The June 2011 issue of "The Drinks Business" featured an article written by Lucy Shaw which had the title Dr. Richard Smart Slams Organics. Lucy Shaw's article is a very short summary of statements that Dr. Smart made at a Conference in Barcelona, the topic was Wineries for Climate Protection. I'm not sure if Lucy Shaw meant to have an eye catching title to lure the reader and the first line certainly did not stop me from plunging into the entire article head first.
The article quotes Dr. Smart as saying: “When people buy food they don’t mind choosing products that have been grown on land treated with chemicals, so why should they care about how a wine has been treated?” Smart spoke passionately about the need for winemakers to wake up to the fact that CO2 is a pollutant. “Oenologists are environmental vandals of the worst type. CO2 is the greatest pollutant and winemakers are releasing it back into the atmosphere, undoing all the good work in the vineyard."

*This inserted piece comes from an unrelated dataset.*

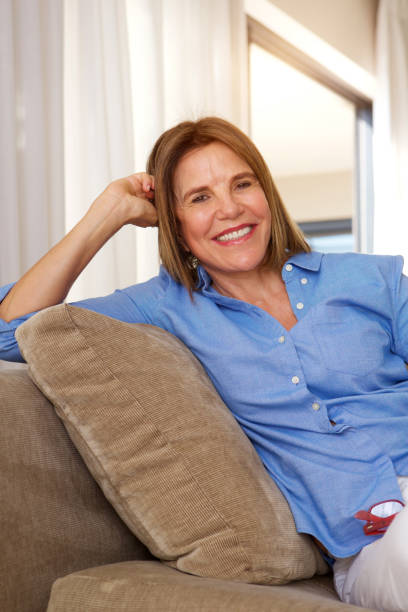istock older woman relaxing at home on sofa 696318336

I've been reading Dr. Smart's articles in Practical Winery & Vineyard and somehow, what he was quoted as saying just didn't add up. I wondered if he was trying to be intentionally provocative. The current (Summer 2011) PW&V has an article written by Dr. Smart entitled "In Defense of Conventional Viticulture". I wondered if conventional viticulture does need defending. As a wine drinker, I am first concerned with wine flavor, I understand that in order to grow grapes much care must be taken in the vineyard to get a crop, whether by conventional or alternative farming methods. But, as a grape grower, I will try my best to grow grapes without resorting to herbicides and pesticides because I know that they are harmful to the environment and the long term sustainability of the land.

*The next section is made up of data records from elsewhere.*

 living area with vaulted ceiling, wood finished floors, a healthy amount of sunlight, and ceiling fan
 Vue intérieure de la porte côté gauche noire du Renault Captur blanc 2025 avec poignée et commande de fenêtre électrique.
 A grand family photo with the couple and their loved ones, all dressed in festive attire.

Dr Smart is known for his provocative statements. More often these are aimed at making us THINK - challenging the accepted practice.
ReplyDeleteOf course, the CO2 released during fermentation is cyclical - that is it does not add to atmospheric CO2 as to create the sugars, photosynthesis extracted the identical volume from the air. It is an example of the Law of the conservation of Energy. In other words, carbon zero 101.

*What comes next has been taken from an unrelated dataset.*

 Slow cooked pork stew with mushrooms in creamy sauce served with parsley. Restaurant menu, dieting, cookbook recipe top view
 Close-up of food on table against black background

I have experienced several organically run vineyards and many more conventionally run, in my 40 odd years of viticulture. In almost (almost), every case there was a decrease in yield of up to 40% (in one case from 5.5 tons an acre to 2.8 tons - being uneconomic) and rarely is the value recovered in the grape price.
The labour inputs are also greater - though possibly balanced to a degree by the cheaper sprays (which we know of course, aren't "chemicals") and the fewer trims etc. Most often I have found that the concept of organics as practiced by growers, is an excuse to do even less work.
Over all, I share Dr Smart's cynicism - for like him, I can rarely taste any differences in the finished wines. On those occasions that I can, it is more often an increased dry extract factor - probably in line with the reduced tonnages. One day I may get to compare low tonnage conventional with a similar tonnage organic. For growers, it is hard enough making a vineyard pay at current prices without taking a significant (and rarely rewarded comparably), yield penalty.